Perhaps you just noticed people saying this in the last few months, but it has been known to good programmers for a lot longer than that. I've certainly been saying it where appropriate for about a decade.
The point of the concept is that there is a large conceptual overhead to inheritance. When you are using inheritance, then every single method call has an implicit dispatch in it. If you have deep inheritance trees, or multiple dispatch, or (even worse) both, then figuring out where the particular method will dispatch to in any particular call can become a royal PITA. It makes correct reasoning about the code more complex, and it makes debugging harder.
Let me give a simple example to illustrate. Suppose that deep in an inheritance tree, someone named a method
foo. Then someone else comes along and adds
foo at the top of the tree, but doing something different. (This case is more common with multiple inheritance.) Now that person working at the root class has broken the obscure child class and probably doesn't realize it.

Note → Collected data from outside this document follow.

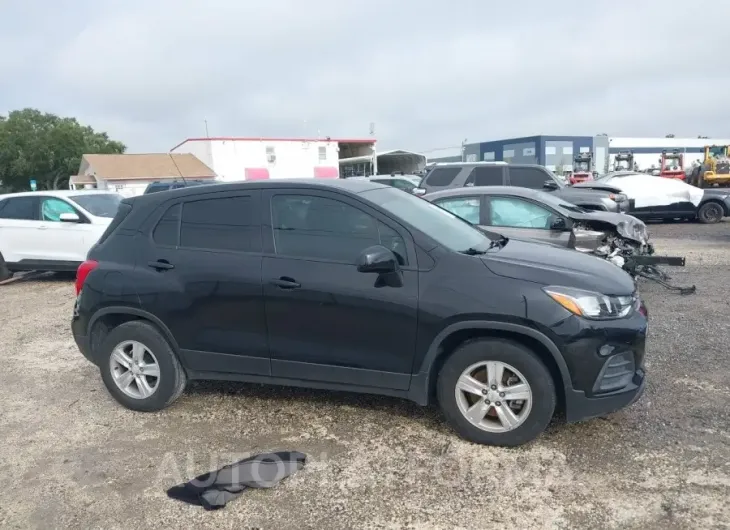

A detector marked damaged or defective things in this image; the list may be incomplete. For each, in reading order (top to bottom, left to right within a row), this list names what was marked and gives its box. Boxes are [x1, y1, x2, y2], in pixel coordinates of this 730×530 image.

damaged white suv [0, 190, 121, 280]
wrecked vehicle [420, 186, 692, 292]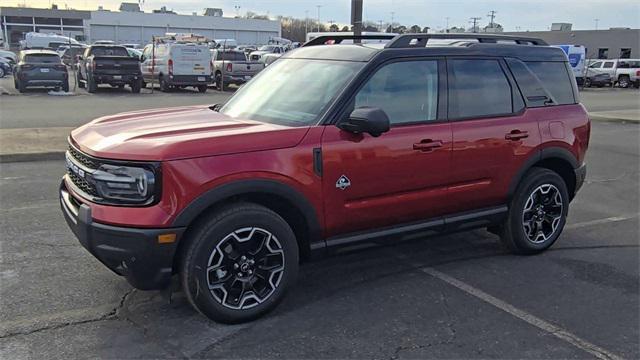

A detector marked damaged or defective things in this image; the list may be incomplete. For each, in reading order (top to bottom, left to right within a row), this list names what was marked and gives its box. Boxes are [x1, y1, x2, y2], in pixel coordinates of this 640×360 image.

cracked pavement [2, 92, 636, 358]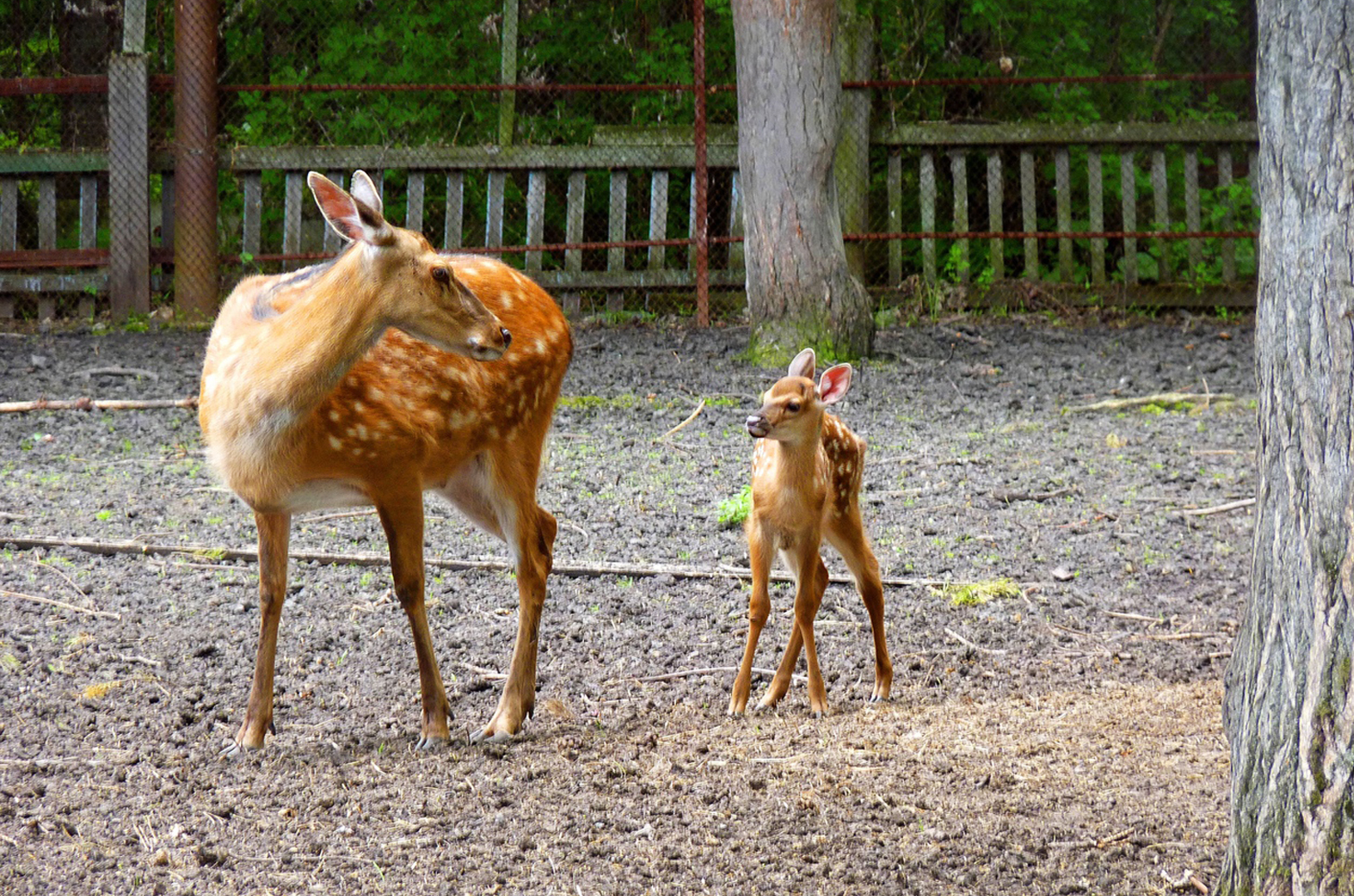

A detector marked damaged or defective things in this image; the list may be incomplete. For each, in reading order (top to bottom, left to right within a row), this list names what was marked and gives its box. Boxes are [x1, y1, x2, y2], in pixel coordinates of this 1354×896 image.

rusty metal post [177, 0, 222, 321]
rusty metal post [693, 0, 714, 330]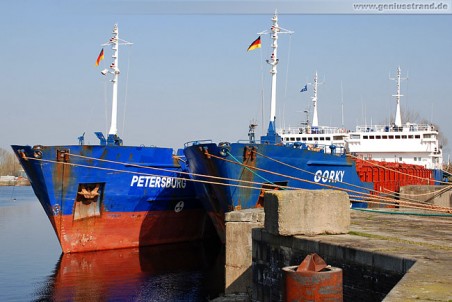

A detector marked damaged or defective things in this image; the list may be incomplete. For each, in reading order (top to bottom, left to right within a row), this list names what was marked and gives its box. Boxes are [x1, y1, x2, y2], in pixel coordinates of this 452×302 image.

rusty metal bollard [282, 254, 342, 300]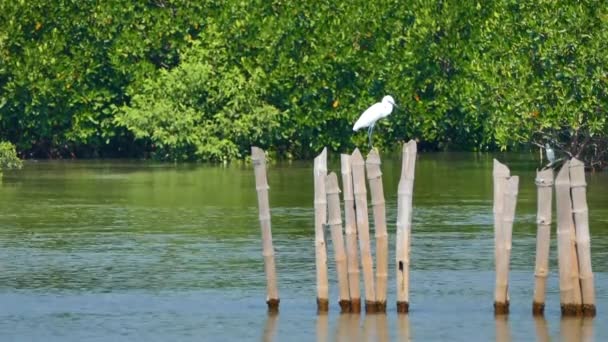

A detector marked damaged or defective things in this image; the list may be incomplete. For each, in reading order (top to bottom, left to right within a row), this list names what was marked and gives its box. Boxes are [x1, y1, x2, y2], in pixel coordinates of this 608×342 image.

broken wooden post [252, 147, 280, 312]
broken wooden post [328, 172, 352, 314]
broken wooden post [340, 155, 358, 312]
broken wooden post [352, 148, 376, 312]
broken wooden post [364, 150, 388, 312]
broken wooden post [396, 140, 416, 314]
broken wooden post [492, 159, 510, 314]
broken wooden post [532, 168, 556, 316]
broken wooden post [556, 160, 584, 316]
broken wooden post [568, 159, 600, 316]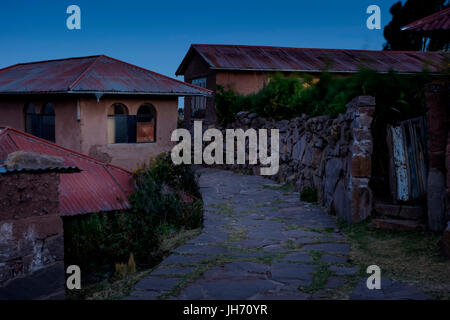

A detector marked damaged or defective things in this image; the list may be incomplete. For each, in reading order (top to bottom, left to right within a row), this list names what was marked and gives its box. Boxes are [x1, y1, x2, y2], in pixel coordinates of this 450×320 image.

rusty corrugated metal roof [400, 7, 450, 32]
rusty corrugated metal roof [0, 54, 211, 96]
rusty corrugated metal roof [176, 43, 446, 75]
rusty corrugated metal roof [0, 126, 135, 216]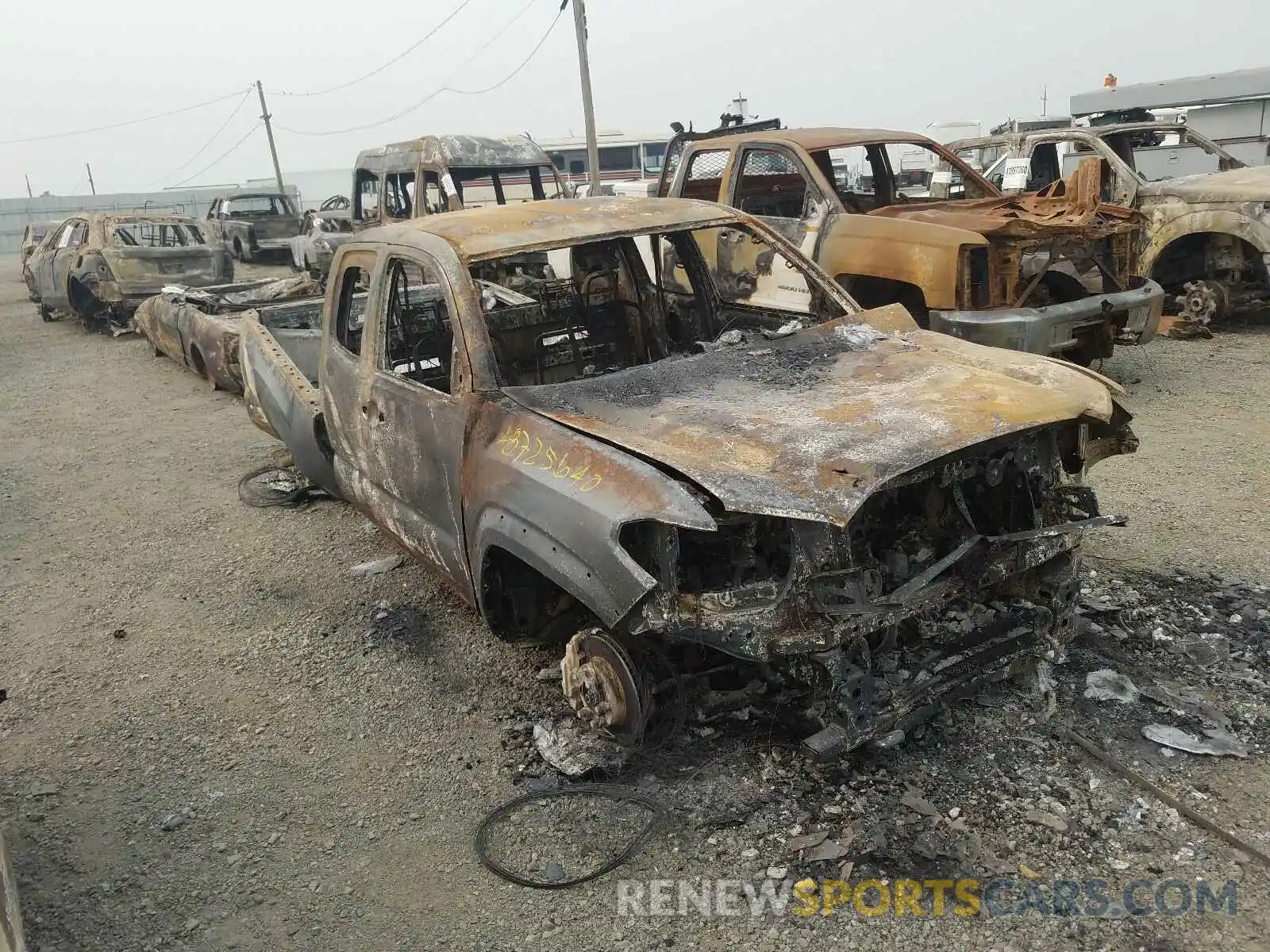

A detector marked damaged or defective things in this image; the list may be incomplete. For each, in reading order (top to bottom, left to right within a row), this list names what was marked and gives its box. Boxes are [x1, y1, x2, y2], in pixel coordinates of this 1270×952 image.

rusted metal body [25, 214, 235, 333]
burned pickup truck [25, 214, 235, 333]
rusted metal body [133, 278, 321, 392]
burned pickup truck [133, 274, 322, 393]
rusted metal body [211, 191, 308, 262]
rusted metal body [348, 133, 565, 228]
burned out interior [470, 224, 851, 387]
rusted metal body [660, 125, 1168, 363]
burned pickup truck [660, 125, 1168, 363]
destroyed bumper [927, 279, 1168, 360]
rusted metal body [946, 122, 1270, 327]
burned pickup truck [243, 195, 1137, 758]
rusted metal body [243, 199, 1137, 758]
burned suv [243, 199, 1137, 758]
fire damage [241, 197, 1143, 762]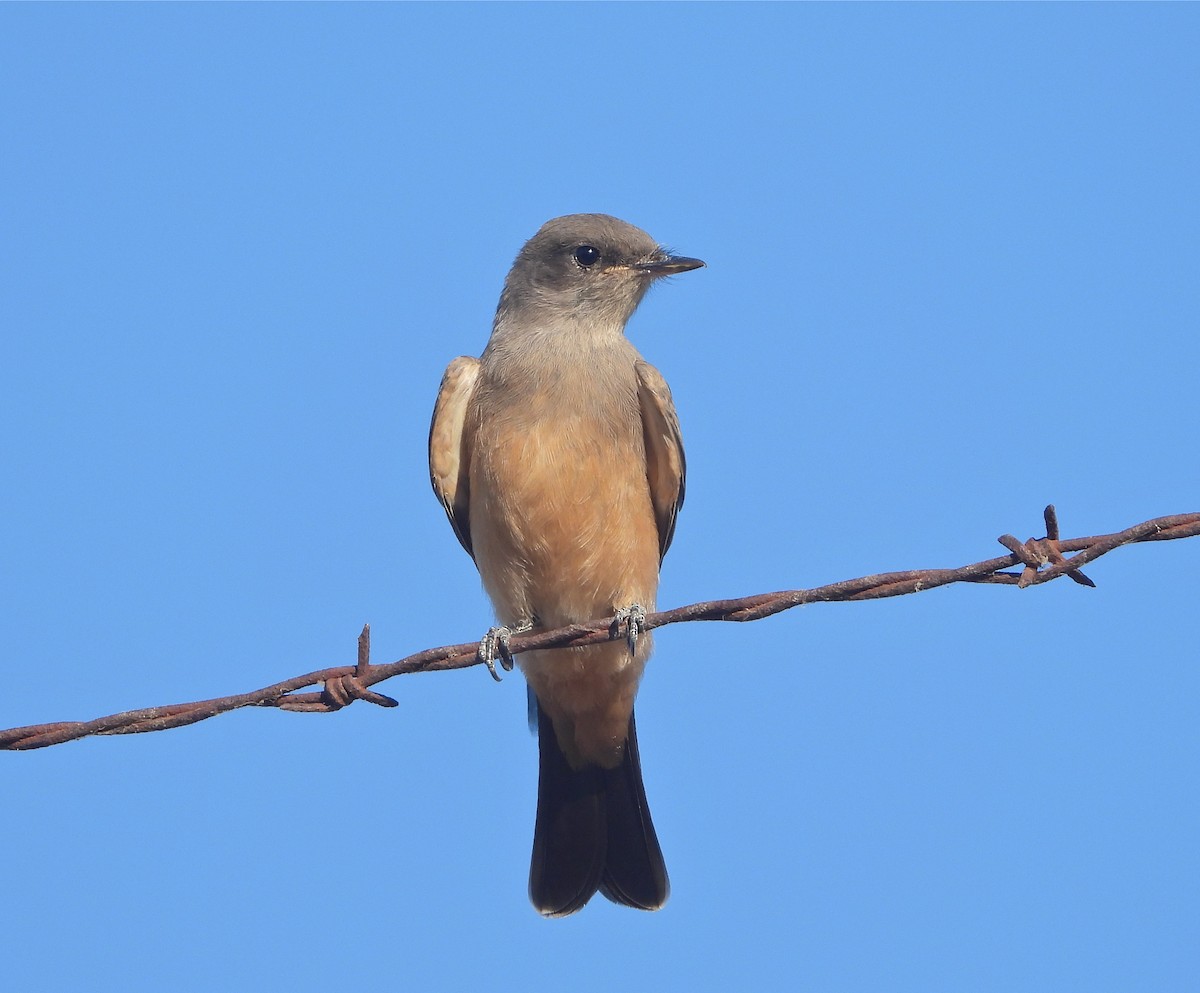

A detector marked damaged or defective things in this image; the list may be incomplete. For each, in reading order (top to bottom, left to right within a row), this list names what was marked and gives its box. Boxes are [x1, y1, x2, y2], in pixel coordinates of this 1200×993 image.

rusty wire [4, 508, 1195, 748]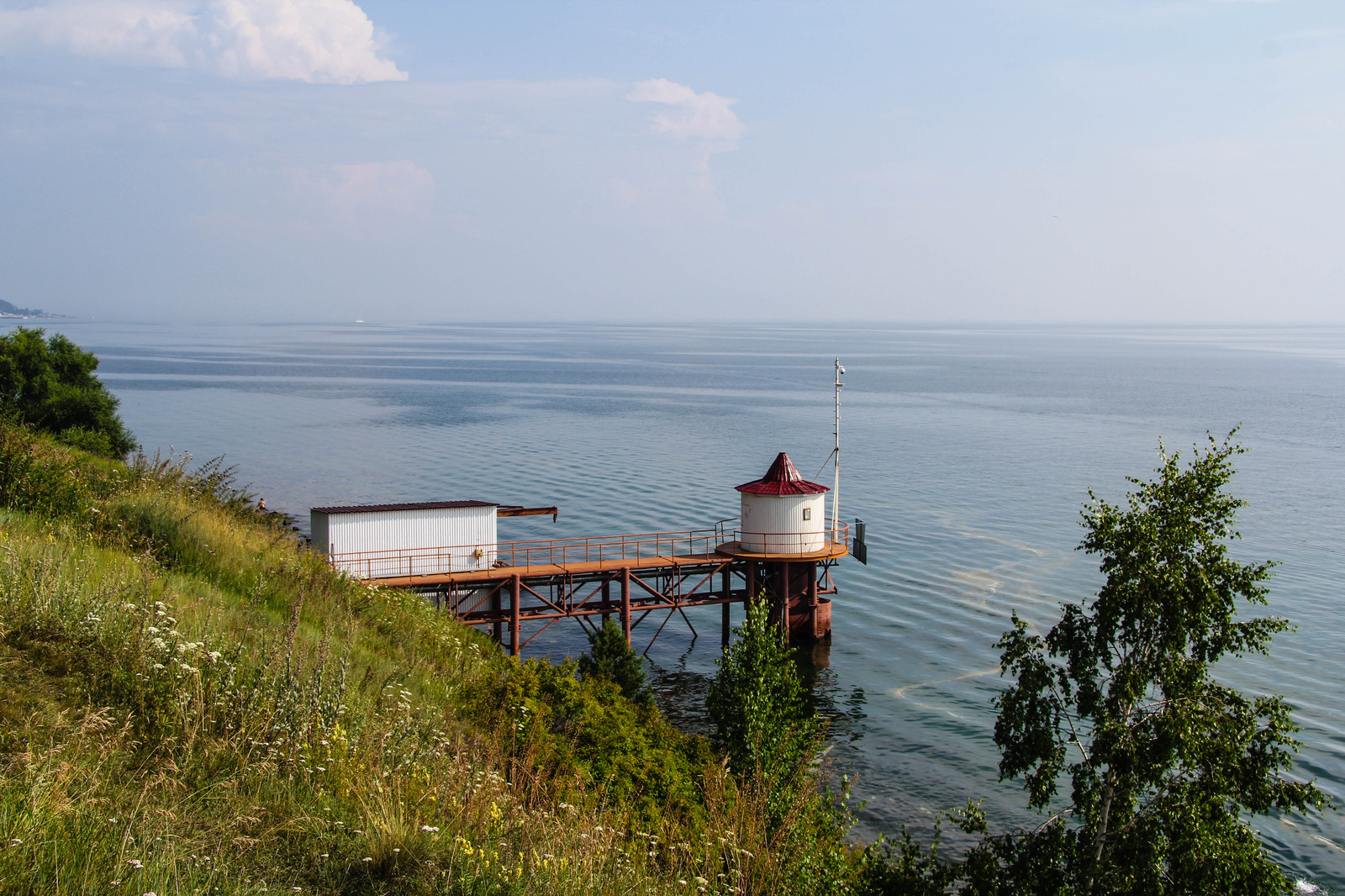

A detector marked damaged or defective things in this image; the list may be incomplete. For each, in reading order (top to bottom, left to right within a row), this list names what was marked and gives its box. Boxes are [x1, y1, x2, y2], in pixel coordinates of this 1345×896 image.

rusty metal pier [335, 518, 851, 656]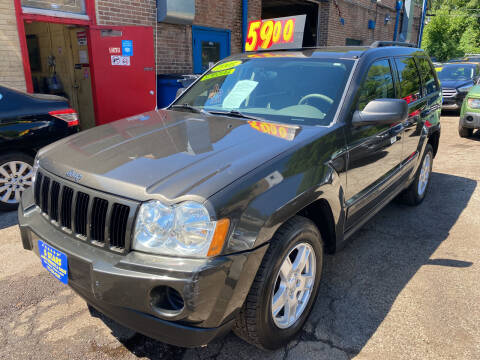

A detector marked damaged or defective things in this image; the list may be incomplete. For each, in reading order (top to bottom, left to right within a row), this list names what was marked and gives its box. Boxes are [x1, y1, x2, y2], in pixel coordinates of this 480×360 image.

cracked pavement [0, 116, 480, 360]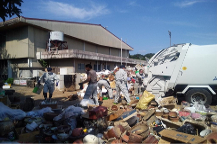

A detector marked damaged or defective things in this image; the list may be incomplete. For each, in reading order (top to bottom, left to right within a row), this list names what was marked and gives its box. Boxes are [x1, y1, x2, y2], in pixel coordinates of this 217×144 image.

damaged trailer [144, 43, 217, 104]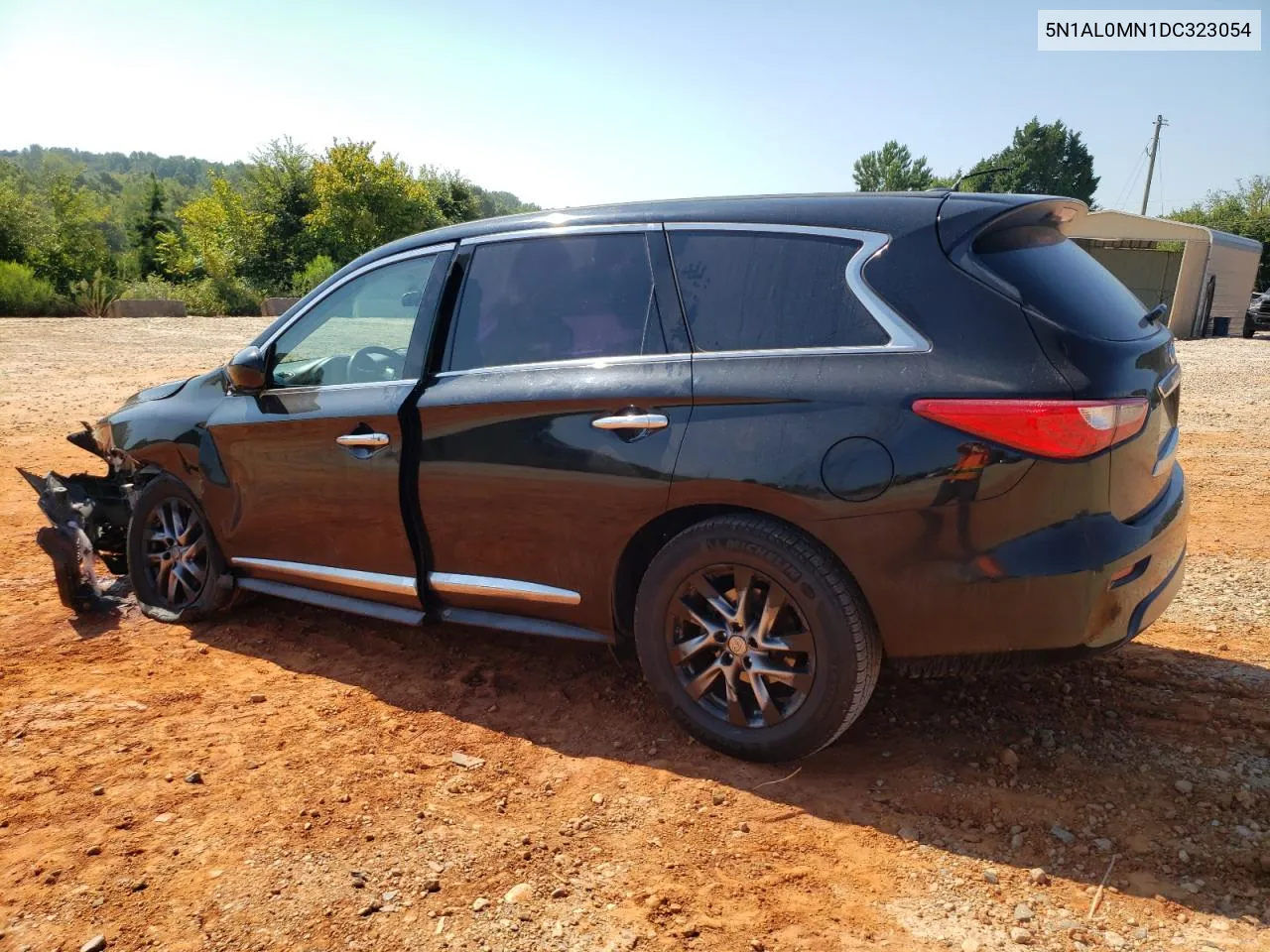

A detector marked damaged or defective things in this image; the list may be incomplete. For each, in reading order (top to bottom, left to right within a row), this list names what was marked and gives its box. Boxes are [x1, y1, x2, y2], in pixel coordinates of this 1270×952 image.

front-end crash damage [18, 420, 138, 614]
damaged black suv [24, 191, 1183, 762]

You could have 100% coverage with unit tests and not notice this breakage because the person at the top wouldn't think of testing the child class, and the tests for the child class don't think of testing the new methods created at the top. (Admittedly there are ways to write unit tests that will catch this, but there are also cases where you can't easily write tests that way.)
By contrast when you use composition, at each call it is usually clearer what you are dispatching the call to. (OK, if you're using inversion of control, for instance with dependency injection, then figuring out where the call goes can also get problematic. But usually it is simpler to figure out.) This makes reasoning about it easier. As a bonus, composition results in having methods segregated from each other. The above example should not happen there because the child class would move off to some obscure component, and there is never a question about whether the call to
foo was intended for the obscure component or the main object.
Now you are absolutely right that inheritance and composition are two very different tools that serve two different types of things. Sure inheritance carries conceptual overhead, but when it is the right tool for the job, it carries less conceptual overhead than trying to not use it and do by hand what it does for you. Nobody who knows what they are doing would say that you should never use inheritance. But be sure it is the right thing to do.
Unfortunately many developers learn about object oriented software, learn about inheritance, and then go out to use their new axe as often as possible. Which means that they try to use inheritance where composition was the right tool. Hopefully they will learn better in time, but frequently this does not happen until after a few removed limbs, etc. Telling them up front that it is a bad idea tends to speed up the learning process and reduce injuries.